[MATERIAL SUPPLIED]

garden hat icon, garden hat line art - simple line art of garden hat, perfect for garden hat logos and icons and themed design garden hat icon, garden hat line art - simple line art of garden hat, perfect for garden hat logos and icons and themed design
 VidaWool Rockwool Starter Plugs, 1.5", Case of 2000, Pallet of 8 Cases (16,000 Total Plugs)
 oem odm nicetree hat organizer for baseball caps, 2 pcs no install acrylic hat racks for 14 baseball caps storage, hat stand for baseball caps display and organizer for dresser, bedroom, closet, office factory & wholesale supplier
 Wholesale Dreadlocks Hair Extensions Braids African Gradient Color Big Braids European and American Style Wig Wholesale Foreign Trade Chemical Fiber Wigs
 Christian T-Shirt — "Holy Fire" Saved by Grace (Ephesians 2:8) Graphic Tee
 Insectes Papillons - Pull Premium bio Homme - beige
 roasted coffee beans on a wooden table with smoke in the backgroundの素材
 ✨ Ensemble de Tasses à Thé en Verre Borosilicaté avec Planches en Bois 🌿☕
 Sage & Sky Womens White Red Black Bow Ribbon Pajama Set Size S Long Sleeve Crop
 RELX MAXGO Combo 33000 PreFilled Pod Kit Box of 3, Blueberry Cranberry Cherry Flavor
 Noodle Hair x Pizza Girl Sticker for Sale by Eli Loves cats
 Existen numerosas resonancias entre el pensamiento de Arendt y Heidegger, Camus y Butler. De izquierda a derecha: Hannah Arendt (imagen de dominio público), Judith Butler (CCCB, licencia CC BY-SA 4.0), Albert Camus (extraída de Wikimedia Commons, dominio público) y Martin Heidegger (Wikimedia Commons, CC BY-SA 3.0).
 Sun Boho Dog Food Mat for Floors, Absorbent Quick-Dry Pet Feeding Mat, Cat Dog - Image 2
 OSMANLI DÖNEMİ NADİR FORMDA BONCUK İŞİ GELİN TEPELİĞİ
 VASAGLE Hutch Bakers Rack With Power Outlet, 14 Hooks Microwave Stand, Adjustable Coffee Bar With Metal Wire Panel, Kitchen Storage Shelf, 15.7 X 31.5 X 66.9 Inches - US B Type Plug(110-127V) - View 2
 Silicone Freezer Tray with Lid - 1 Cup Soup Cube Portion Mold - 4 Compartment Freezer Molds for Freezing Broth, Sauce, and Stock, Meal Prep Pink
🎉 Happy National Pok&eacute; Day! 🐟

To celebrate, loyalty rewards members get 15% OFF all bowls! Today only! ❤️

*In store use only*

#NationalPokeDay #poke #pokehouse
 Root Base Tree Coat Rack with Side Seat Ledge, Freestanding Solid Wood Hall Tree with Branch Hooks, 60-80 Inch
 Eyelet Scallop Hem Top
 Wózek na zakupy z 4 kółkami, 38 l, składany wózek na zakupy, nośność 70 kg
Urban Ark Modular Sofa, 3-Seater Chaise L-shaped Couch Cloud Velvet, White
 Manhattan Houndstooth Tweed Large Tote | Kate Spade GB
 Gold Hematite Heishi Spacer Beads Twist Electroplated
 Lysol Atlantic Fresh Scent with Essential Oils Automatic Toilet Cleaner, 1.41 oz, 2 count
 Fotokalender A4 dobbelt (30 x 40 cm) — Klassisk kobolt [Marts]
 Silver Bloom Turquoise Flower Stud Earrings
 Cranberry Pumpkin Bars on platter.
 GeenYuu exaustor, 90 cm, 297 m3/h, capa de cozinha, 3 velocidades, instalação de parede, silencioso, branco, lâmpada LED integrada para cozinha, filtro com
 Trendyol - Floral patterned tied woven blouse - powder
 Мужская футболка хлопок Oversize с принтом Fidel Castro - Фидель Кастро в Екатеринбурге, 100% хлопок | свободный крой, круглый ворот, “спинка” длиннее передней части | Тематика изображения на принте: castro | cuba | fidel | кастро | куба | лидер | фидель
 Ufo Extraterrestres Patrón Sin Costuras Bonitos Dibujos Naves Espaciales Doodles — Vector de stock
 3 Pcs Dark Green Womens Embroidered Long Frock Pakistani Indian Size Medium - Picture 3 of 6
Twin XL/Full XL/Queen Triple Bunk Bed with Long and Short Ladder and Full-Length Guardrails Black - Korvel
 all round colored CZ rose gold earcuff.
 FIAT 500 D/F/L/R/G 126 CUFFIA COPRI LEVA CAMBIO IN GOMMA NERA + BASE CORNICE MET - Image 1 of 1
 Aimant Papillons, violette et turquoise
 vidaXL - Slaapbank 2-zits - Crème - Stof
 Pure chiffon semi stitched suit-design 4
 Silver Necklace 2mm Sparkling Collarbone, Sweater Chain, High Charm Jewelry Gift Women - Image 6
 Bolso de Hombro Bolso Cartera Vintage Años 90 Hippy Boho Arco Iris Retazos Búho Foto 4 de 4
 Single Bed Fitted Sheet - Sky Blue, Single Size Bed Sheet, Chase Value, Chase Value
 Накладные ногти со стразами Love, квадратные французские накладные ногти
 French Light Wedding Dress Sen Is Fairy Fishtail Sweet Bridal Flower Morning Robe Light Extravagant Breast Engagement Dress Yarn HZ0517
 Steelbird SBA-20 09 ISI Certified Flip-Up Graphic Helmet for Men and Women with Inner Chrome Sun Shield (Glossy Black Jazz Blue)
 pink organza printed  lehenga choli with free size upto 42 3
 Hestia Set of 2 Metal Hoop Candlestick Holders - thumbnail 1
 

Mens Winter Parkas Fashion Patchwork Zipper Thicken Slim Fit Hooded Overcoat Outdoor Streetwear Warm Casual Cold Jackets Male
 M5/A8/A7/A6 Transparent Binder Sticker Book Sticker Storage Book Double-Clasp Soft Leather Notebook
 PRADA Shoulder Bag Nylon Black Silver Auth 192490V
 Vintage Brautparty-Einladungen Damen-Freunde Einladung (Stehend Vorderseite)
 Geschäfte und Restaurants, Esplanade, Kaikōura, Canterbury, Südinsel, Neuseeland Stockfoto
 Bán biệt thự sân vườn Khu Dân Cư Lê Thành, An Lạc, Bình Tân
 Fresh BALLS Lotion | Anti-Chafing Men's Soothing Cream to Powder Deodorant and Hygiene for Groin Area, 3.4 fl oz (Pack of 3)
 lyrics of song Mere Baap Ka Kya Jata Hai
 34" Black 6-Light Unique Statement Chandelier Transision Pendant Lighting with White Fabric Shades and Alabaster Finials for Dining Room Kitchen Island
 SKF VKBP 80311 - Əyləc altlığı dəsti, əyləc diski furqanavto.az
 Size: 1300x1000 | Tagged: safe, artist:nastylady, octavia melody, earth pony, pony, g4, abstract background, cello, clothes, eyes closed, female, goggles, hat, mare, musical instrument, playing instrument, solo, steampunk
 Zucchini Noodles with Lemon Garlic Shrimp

[/MATERIAL SUPPLIED]

ASSIGNMENT:
Copy out, word for word, the part of the entries above that begins at the line with "Root Base Tree" and ends at the line with "3 Pcs Dark Green", including both.

WRITTEN RESPONSE:
 Root Base Tree Coat Rack with Side Seat Ledge, Freestanding Solid Wood Hall Tree with Branch Hooks, 60-80 Inch
 Eyelet Scallop Hem Top
 Wózek na zakupy z 4 kółkami, 38 l, składany wózek na zakupy, nośność 70 kg
Urban Ark Modular Sofa, 3-Seater Chaise L-shaped Couch Cloud Velvet, White
 Manhattan Houndstooth Tweed Large Tote | Kate Spade GB
 Gold Hematite Heishi Spacer Beads Twist Electroplated
 Lysol Atlantic Fresh Scent with Essential Oils Automatic Toilet Cleaner, 1.41 oz, 2 count
 Fotokalender A4 dobbelt (30 x 40 cm) — Klassisk kobolt [Marts]
 Silver Bloom Turquoise Flower Stud Earrings
 Cranberry Pumpkin Bars on platter.
 GeenYuu exaustor, 90 cm, 297 m3/h, capa de cozinha, 3 velocidades, instalação de parede, silencioso, branco, lâmpada LED integrada para cozinha, filtro com
 Trendyol - Floral patterned tied woven blouse - powder
 Мужская футболка хлопок Oversize с принтом Fidel Castro - Фидель Кастро в Екатеринбурге, 100% хлопок | свободный крой, круглый ворот, “спинка” длиннее передней части | Тематика изображения на принте: castro | cuba | fidel | кастро | куба | лидер | фидель
 Ufo Extraterrestres Patrón Sin Costuras Bonitos Dibujos Naves Espaciales Doodles — Vector de stock
 3 Pcs Dark Green Womens Embroidered Long Frock Pakistani Indian Size Medium - Picture 3 of 6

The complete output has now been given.